Mikuni, which can be translated into “three countries,” is the popular Japanese restaurant at the Fairmont Singapore Hotel that takes diners on a culinary tour through three of Japan’s most popular cuisines: teppanyaki, sushi and robatayaki. Each cuisine has its own live station presided over by a master chef specialising in those dishes.

At his station, Head Sushi Chef Tsunenori Yamamoto treats diners to the restaurant’s speciality of Edomae Nigiri style sushi that maintains a delicate balance between the freshest fish and its accompanying ingredients. He sources the finest produce from the sea, air-flown from the famed Tsukiji and Kyushu markets four times a week.
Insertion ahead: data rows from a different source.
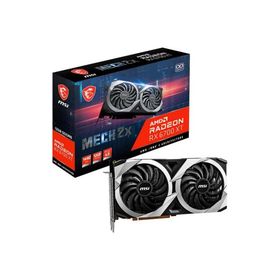MSI Radeon RX 6700 XT MECH 2X 12G OC 正規代理店保証付 (vd7602)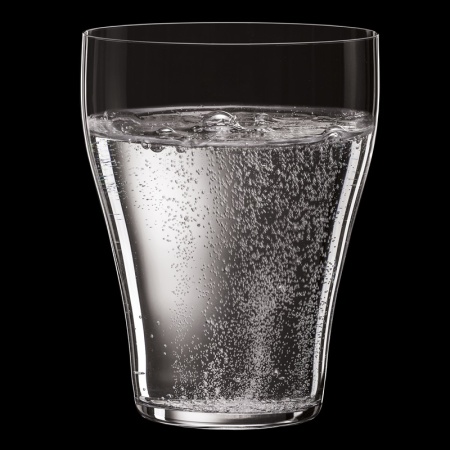 Стакан 430мл для газированной воды LINEA UMANA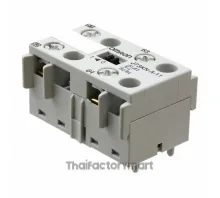 Inverter, Auxiliary contacts, 2-pole, 1M1B for J7KNA-AR relay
Each traditionally made Edomae sushi maintains a perfect balance between the size of the fish and volume of rice. Depending on the choice of seafood, Chef Yamamoto sprinkles some sushi with a flourish of salt whilst others are gently laced with a house-made soy that delicately seasons the fish without overpowering its natural flavours.

Teppan Master Chef Eric Yong entertains patrons with his dynamic skills at the teppanyaki station. He emphasises the importance in the precise control of the teppanyaki grill’s temperature which, when used expertly, creates an added charred smokiness that deliciously flavours the grilled ingredients.
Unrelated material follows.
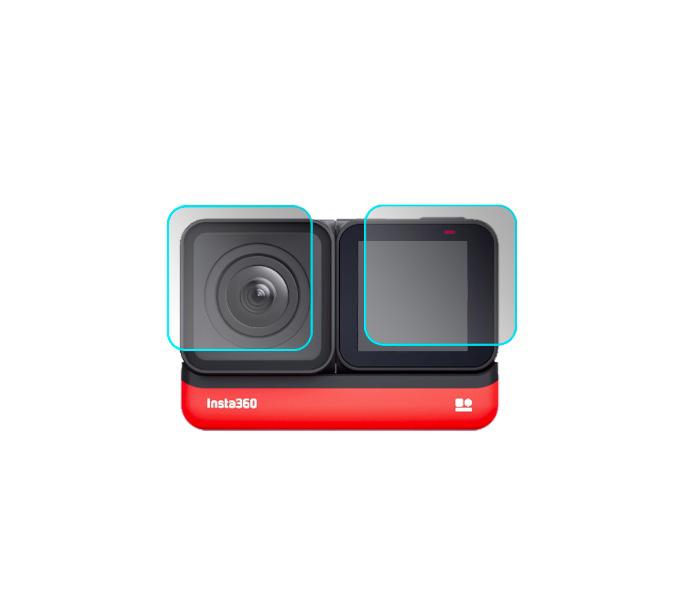 UniOEM Lens Protector for Insta360 ONE R 4K Mod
Head Robatayaki Chef Nobukawa offers diners a taste of the freshest and most seasonal of Japanese ingredients, displayed like jewels amongst handcrafted woven baskets, leaves and herbs at his live station. He allows the freshness of the produce he sources to speak for itself, grilling each diner’s selection of ingredients and pairing them with his secret homemade sauces.

Presiding over all of them is Executive Chef Moon Kyung Soo, who specialises in exciting kaiseki dishes that seamlessly blend modern and century-old Japanese culinary techniques. Mikuni’s cuisine is complemented by the exceptional service and an extensive sake list provided by Singapore’s first certified Sake Sommelier, Nobuhiko Sano. The list includes a few select sake labels that are exclusive to Mikuni, a range of quality shochu and innovative sake cocktails.
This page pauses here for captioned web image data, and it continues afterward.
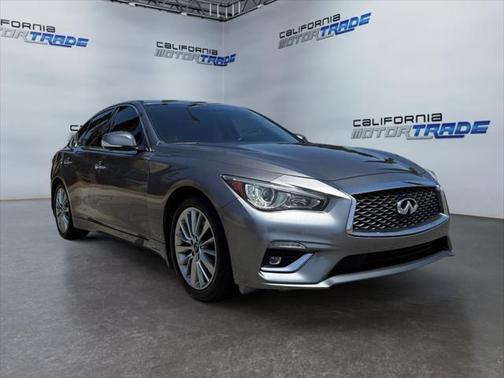 2022 INFINITI Q50 3.0t LUXE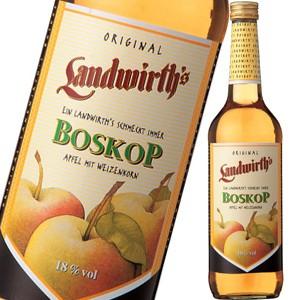 Landwirth's BOSKOP リキュール 2本セット ボスコープ 18度 700ml _t : リカーズベストY店 - 通販 - Yahoo
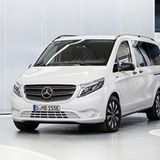 Mercedes eVito 2020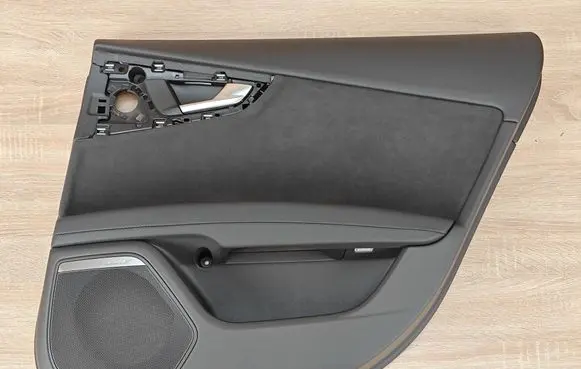 Audi A7 S7 4G Coupe rear side trim panel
Literally meaning “fireside-cooking”, robatayaki is a form of Japanese barbecue in which items of food on skewers are slow-grilled over hot charcoal. Robatayaki originates from the cooking techniques used in rustic farmhouses throughout Sendai, the largest city in the Touhoku (Northeast) region of Japan. Japanese fishermen cooked their catch over a charcoal fire using only an oar as a cooking utensil. In keeping with this tradition, robatayaki chefs today still use a wooden paddle to pass food to customers.

Japanese Restaurant Vocabulary

Stepping into an authentic Japanese restaurant can feel like entering another country. And when travelling to another country, it’s always helpful to learn a few key phrases of the local language.

Irrashaimase – This is the word the staff at most Japanese restaurants will say (or oftentimes shout) to guests as they enter. It simple means, “welcome.” You are not required to say anything in response.

Itadakimasu – Traditionally spoken before eating, similar to the phrase “bon appetit” in French or the phrase “selamat makan” in Indonesian. It literally conveys a sense of humble gratitude for the food you are about to receive.

Kampai – What you say when toasting beer or sake, the Japanese equivalent of “Cheers!”

Oishi – The Japanese word for delicious. If you want to tell your Japanese chef you like the food, use the phrase “Oishi desu!” meaning “It tastes great!”

Gochis?sama-deshita – A polite thing to say to your chef or the restaurant staff after you finish your meal. It literally means, “That was a feast.”